With big-spending judicial races a possibility this year, four candidates for the Ohio Supreme Court have taken a clean-campaign pledge proposed by the Ohio State Bar Association.

David Crago, dean of the Ohio Northern University Law School and chair of the OSBA’s Judicial Campaign Advertising Monitoring Committee, said the pledge was aimed at helping candidates and independent committees to “focus on credentials and experience.” In a press release, Crago alluded to departures from that focus in the past:

“We are concerned that recent court decisions could potentially open an influx of large sums of money into Ohio’s Supreme Court races.

“We think this could return this state to its infamous position of being the poster child of all that is wrong with judicial elections.”

Signing the pledge were two candidates for chief justice, recently appointed Chief Justice Eric Brown, a Democrat, and Justice Maureen O’Connor, a Republican; and  Republican Justice Judith Lanzinger and appellate Judge Mary Jane Trapp, a Democrat, according to a Toledo Blade article. Ohio has seen some of the nation’s most expensive judicial elections.

The “clean campaign agreement,” according to the OSBA, asked candidates  to take personal responsibility for the content of advertisements or statements that they or their authorized committee’s issue. The pledge also asked candidates to publicly disavow ads from other sources that impugn the integrity of the judicial system or the integrity of a candidate for Supreme Court.

At a press conference (video available by clicking here), Justice O’Connor said she would follow a rule prohibiting judicial candidates from directly soliciting campaign dollars, despite an appeals court ruling striking down a similar rule in Kentucky (see Gavel Grab).

Justice O’Connor vowed that, despite a recent federal court ruling that struck down a Kentucky rule similar to one in Ohio barring judicial candidates from directly soliciting contributions, she will follow the rule.

“In my opinion, the principle behind the rule is irrefutable,” Justice O’Connor said. “If we want to see judicial campaigns conducted in a way that supports independence and impartiality, we cannot have judges dialing for dollars.” The Toledo Blade article said she was apparently alluding to her rival.

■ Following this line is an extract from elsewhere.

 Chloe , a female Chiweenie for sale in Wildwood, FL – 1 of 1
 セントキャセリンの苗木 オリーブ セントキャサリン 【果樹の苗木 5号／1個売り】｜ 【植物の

Chief Justice Brown is the target of a Republican complaint accusing him of personally soliciting money for his campaign, a charge a Democratic adviser denied on Justice Brown’s behalf (see Gavel Grab). Justice O’Connor, meanwhile, has been accused by state Democrats of violating a rule prohibiting political endorsements made by judges. An Ohio Republican spokesman dismissed the comments at issue as “lighthearted free speech.”

Justice Brown said at the news conference this week, “”I think her pledge is perfectly appropriate, that she’s going to live by the rules that are in place in respect to fund-raising. That’s something all four of us agreed to and certainly I’m going to do.”